> DIRECTIONS:
An identical copy of the data below is needed.

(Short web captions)
Segment Open

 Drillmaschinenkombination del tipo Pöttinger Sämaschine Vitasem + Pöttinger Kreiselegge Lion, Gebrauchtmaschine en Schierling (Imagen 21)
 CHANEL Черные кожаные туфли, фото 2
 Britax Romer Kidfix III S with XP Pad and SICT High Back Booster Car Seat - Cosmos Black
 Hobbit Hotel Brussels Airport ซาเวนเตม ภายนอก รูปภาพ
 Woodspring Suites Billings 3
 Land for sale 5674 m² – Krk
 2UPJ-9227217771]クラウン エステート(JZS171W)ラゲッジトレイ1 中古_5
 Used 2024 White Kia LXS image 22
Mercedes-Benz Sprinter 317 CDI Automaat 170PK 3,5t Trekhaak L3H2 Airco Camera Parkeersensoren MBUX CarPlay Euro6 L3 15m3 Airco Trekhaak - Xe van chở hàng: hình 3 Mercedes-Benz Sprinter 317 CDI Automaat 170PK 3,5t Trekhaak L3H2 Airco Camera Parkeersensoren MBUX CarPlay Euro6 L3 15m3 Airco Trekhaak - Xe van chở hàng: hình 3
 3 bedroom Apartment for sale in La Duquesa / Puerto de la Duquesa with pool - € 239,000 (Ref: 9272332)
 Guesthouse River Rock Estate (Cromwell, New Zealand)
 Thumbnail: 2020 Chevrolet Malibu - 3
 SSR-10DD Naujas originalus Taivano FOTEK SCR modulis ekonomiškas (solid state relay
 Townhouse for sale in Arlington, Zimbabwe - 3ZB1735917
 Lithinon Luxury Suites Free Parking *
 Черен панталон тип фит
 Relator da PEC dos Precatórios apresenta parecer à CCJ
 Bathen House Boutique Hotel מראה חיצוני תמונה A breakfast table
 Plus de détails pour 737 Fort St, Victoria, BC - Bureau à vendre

Segment Closed

> RESULT OF THE EXERCISE:
 Drillmaschinenkombination del tipo Pöttinger Sämaschine Vitasem + Pöttinger Kreiselegge Lion, Gebrauchtmaschine en Schierling (Imagen 21)
 CHANEL Черные кожаные туфли, фото 2
 Britax Romer Kidfix III S with XP Pad and SICT High Back Booster Car Seat - Cosmos Black
 Hobbit Hotel Brussels Airport ซาเวนเตม ภายนอก รูปภาพ
 Woodspring Suites Billings 3
 Land for sale 5674 m² – Krk
 2UPJ-9227217771]クラウン エステート(JZS171W)ラゲッジトレイ1 中古_5
 Used 2024 White Kia LXS image 22
Mercedes-Benz Sprinter 317 CDI Automaat 170PK 3,5t Trekhaak L3H2 Airco Camera Parkeersensoren MBUX CarPlay Euro6 L3 15m3 Airco Trekhaak - Xe van chở hàng: hình 3 Mercedes-Benz Sprinter 317 CDI Automaat 170PK 3,5t Trekhaak L3H2 Airco Camera Parkeersensoren MBUX CarPlay Euro6 L3 15m3 Airco Trekhaak - Xe van chở hàng: hình 3
 3 bedroom Apartment for sale in La Duquesa / Puerto de la Duquesa with pool - € 239,000 (Ref: 9272332)
 Guesthouse River Rock Estate (Cromwell, New Zealand)
 Thumbnail: 2020 Chevrolet Malibu - 3
 SSR-10DD Naujas originalus Taivano FOTEK SCR modulis ekonomiškas (solid state relay
 Townhouse for sale in Arlington, Zimbabwe - 3ZB1735917
 Lithinon Luxury Suites Free Parking *
 Черен панталон тип фит
 Relator da PEC dos Precatórios apresenta parecer à CCJ
 Bathen House Boutique Hotel מראה חיצוני תמונה A breakfast table
 Plus de détails pour 737 Fort St, Victoria, BC - Bureau à vendre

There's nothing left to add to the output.